■ Try it: Lines holding the string "Golf" are the ones to copy from this listing.

■ Records:
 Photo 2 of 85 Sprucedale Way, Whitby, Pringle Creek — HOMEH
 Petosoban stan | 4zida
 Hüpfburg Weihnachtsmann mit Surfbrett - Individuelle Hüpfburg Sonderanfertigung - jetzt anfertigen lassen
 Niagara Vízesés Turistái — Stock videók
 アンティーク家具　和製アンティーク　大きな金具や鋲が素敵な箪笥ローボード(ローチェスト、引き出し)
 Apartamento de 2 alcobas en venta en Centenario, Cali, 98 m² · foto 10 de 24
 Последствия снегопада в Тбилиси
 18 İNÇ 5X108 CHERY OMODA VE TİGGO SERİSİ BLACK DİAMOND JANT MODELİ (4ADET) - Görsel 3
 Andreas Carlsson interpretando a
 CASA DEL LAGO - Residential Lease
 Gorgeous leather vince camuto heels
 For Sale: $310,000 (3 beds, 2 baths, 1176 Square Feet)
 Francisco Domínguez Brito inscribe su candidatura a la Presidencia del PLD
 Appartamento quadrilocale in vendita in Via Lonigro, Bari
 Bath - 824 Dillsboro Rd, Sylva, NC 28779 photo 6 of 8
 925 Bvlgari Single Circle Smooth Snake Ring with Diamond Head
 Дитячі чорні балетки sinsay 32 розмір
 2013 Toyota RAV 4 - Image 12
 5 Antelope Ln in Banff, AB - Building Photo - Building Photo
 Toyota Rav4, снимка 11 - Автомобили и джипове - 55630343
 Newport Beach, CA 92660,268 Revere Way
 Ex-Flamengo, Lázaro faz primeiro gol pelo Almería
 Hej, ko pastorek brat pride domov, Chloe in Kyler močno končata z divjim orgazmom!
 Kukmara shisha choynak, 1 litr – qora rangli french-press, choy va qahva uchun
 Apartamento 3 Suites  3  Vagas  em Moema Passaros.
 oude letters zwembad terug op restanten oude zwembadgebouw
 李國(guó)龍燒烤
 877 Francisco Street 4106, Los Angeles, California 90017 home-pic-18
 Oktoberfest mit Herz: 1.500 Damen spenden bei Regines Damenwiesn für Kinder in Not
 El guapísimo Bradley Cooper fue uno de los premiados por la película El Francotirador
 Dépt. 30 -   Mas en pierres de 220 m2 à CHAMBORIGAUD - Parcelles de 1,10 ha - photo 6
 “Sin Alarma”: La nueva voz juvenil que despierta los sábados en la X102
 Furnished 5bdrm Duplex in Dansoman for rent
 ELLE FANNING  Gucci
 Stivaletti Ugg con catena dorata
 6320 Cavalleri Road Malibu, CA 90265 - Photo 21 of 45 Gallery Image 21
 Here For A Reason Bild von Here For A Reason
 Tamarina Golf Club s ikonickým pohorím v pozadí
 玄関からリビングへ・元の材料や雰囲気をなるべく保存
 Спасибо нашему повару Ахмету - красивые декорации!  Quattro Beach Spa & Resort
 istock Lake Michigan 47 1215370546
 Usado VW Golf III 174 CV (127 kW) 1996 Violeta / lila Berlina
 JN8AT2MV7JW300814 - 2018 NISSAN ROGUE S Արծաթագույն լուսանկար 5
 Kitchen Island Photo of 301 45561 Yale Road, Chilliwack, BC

■ Reply to the exercise:
 Tamarina Golf Club s ikonickým pohorím v pozadí
 Usado VW Golf III 174 CV (127 kW) 1996 Violeta / lila Berlina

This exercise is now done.